Roughly speaking, here's what you need to do first:
- start with a fresh copy of your game files (if you've been mucking around with trying to add message audio in the wrong way, SCI Companion may have created a "bad" audio map file for the speech, or something like that). At any rate, start with a fresh copy of the original game
- rename resource.aud to resource.sfx. Speech and digital audio go in separate resource package files, and you'll end up deleting all digital audio in the game if you don't do this (since speech always goes in .aud, and digital audio sfx goes in .aud... or in games with speech it goes in .sfx).
- open the game in SCI Companion. Make the changes necessary as outlined in the thread that kawa linked (check "supports message audio", Set the Audio36 format to "sync map late", and set the Audio volume name to "aud/sfx", reload the game, and add an audio recording to a message resource, etc..).
- make sure the game still runs.

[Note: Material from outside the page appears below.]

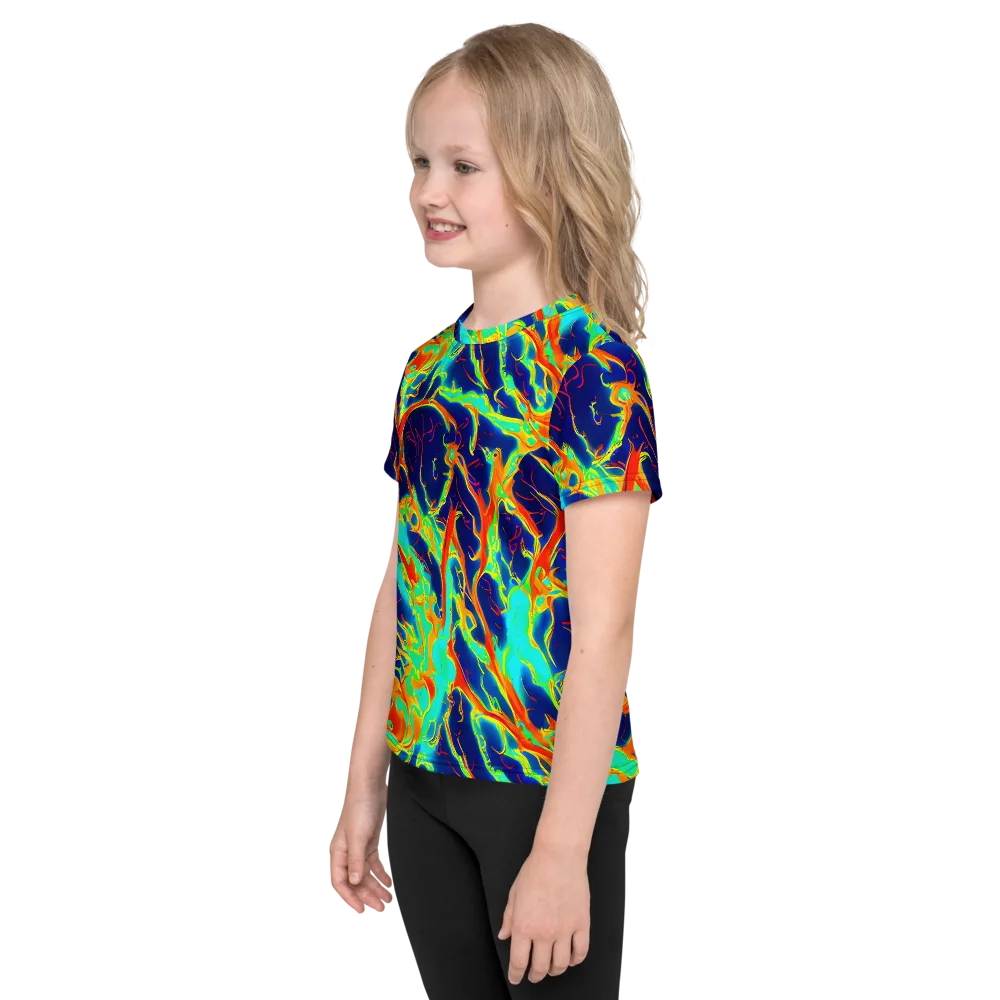 Prismatic Heat on Kids Crew Neck T-Shirt — Left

Also, you should have both a resource.aud and a resource.sfx in your game folder now
At this point, you should have a game where you can add message audio, and the game should run. Might want to make a backup at this point.

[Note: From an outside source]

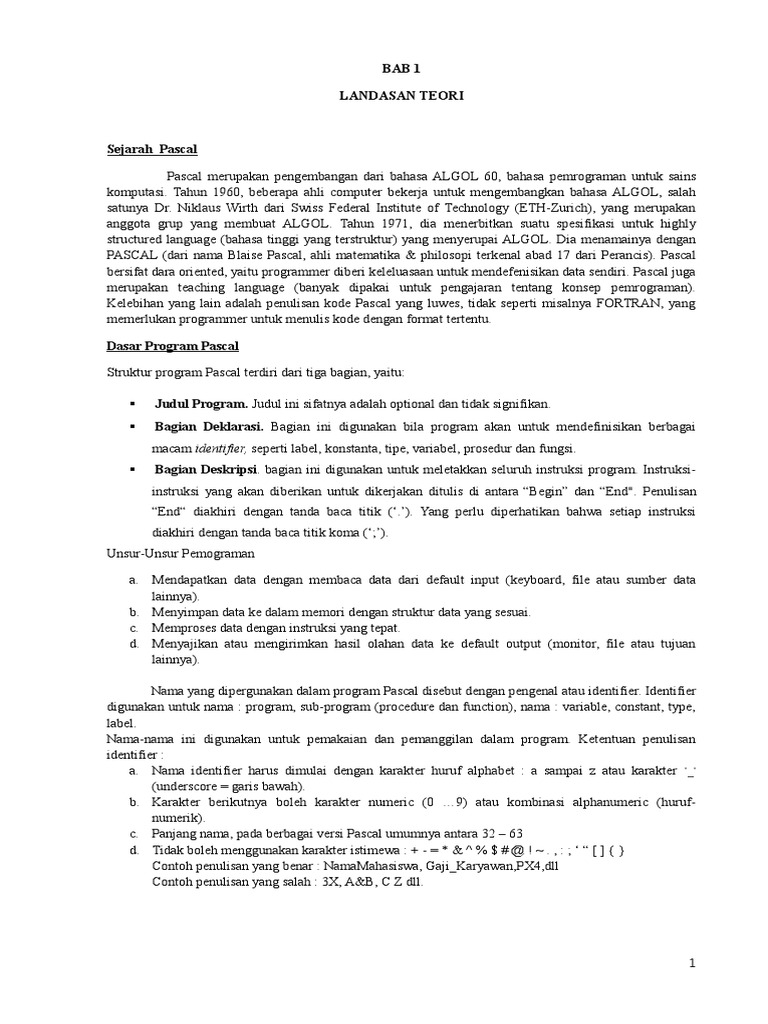 Sejarah dan Struktur Bahasa Pascal | PDF | Metode & Bahan Ajar ...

Because now you have to start mucking with scripts. The first thing is to decompile all scripts:
http://scicompanion.com/Documentation/decompiler.htmlAt the very least, you're going to need to make changes to the Main.sc script. After decompiling things, you should be able to open the Main.sc (and not get the warning message asking if you want to disassemble it).
One other thing is that you'll want to open Tools->PReferences and uncheck " save scripts before run" and " Compile modified scripts before run", or else Companion will recompile scripts that depend on Main after you change Main. Not a huge deal, but to minimize risk (e.g. to change as few script resources as possible to avoid any decompiler bugs) it's a good idea.
Next, in the Main.sc script, you'll want to change the two places that global90 is set to 1, to instead have it set to 2. This switches from text mode to speech mode. Compile, and run the game.
And now... you'll hear nothing when the speech is supposed to play. Haha... I just tried this, and that's what happened anyway. It paused for roughly the right amount of time while the speech played, but I heard nothing.